Basically the situation described is "just" a local inconsistency, independent if its the root-node or any other node. Just a guess, I think the node should reply a unicast DIO with the current DODAG version when receiving a outdated version from the root node. In turn the root can adjust its version. (BTW, you can test this situation with the attacker #4831 just rising the DODAG version of a root child-node)

cgundogan commented 8 years ago

(BTW, you can test this situation with the attacker #4831 just rising the DODAG version of a root child-node)

what's a root child-node? (:

BytesGalore commented 8 years ago

I mean a node just below the root, using the root node as parent.

OlegHahm commented 8 years ago

Maybe it makes sense to discuss this on the mailing list to allow a broader audience to participate?

BytesGalore commented 8 years ago

I did not said it explicitly before so: The root-node do a global repair when receiving a DIO with a higher DODAG version then its own.
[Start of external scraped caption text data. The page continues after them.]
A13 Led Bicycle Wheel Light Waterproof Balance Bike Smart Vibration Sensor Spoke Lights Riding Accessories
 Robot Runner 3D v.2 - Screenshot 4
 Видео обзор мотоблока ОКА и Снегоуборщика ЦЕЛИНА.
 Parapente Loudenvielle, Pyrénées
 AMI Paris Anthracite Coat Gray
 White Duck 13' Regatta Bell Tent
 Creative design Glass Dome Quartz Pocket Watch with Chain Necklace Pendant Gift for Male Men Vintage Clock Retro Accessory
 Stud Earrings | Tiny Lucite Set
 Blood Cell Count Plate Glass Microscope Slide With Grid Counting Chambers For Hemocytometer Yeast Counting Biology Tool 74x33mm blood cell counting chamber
As result, the root-node will not join the outdated advertized DODAG as router and not add/overwrite its default-route entry with an entry to the advertized DODAG-root (itself).

jnohlgard commented 8 years ago

@BytesGalore That's good to hear. As a workaround, I have modified my border router application to do rpl init immediately followed by rpl root 0 (myip) and it seems to work across reboots.

miri64 commented 8 years ago

Can someone dump this result to the mailing list too?

miri64 commented 6 years ago

Sorry 'bout the project back-and-forth.... Thought I accidentally moved it to "In Progress" there in connection to #7925.

cgundogan commented 6 years ago

@gebart is #8173 a remedy for this issue? Can it be closed?

jnohlgard commented 6 years ago

@cgundogan it looks like #8173 could be a fix for this, I have not had time to test.

cgundogan commented 6 years ago

@gebart do you think this issue can be closed?

stale[bot] commented 5 years ago

This issue has been automatically marked as stale because it has not had recent activity. It will be closed if no further activity occurs. If you want me to ignore this issue, please mark it with the "State: don't stale" label. Thank you for your contributions.

miri64 commented 5 years ago

@gebart do you think this issue can be closed?

I take this as a yes... Reopen if you disagree